__AIM OF THE EXERCISE__
Copy, word for word, the lines of the listing below from the line with "In this tutorial, we're" up to and including the line with "buildyourownblog.net, where you". Drop the pictures.

__PROVIDED DATA__
((
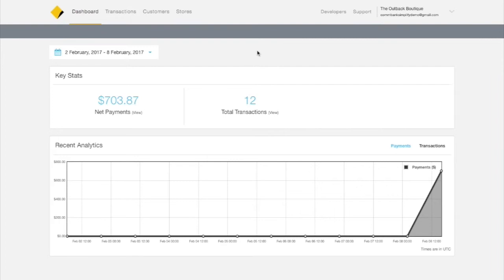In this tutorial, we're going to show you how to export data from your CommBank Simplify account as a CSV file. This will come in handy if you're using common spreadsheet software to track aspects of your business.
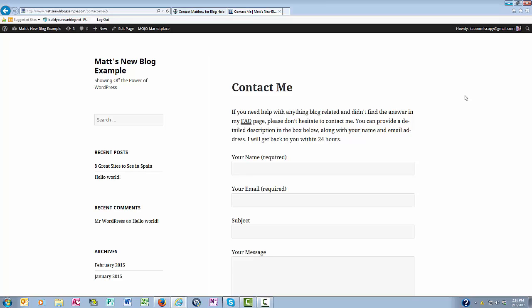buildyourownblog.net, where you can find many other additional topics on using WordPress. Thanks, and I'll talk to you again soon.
))
((
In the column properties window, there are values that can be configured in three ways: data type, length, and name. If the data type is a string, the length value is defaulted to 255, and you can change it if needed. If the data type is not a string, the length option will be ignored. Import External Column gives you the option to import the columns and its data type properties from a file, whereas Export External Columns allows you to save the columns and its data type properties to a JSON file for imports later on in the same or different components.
))
__RESULT FOR THIS TASK__
In this tutorial, we're going to show you how to export data from your CommBank Simplify account as a CSV file. This will come in handy if you're using common spreadsheet software to track aspects of your business.
buildyourownblog.net, where you can find many other additional topics on using WordPress. Thanks, and I'll talk to you again soon.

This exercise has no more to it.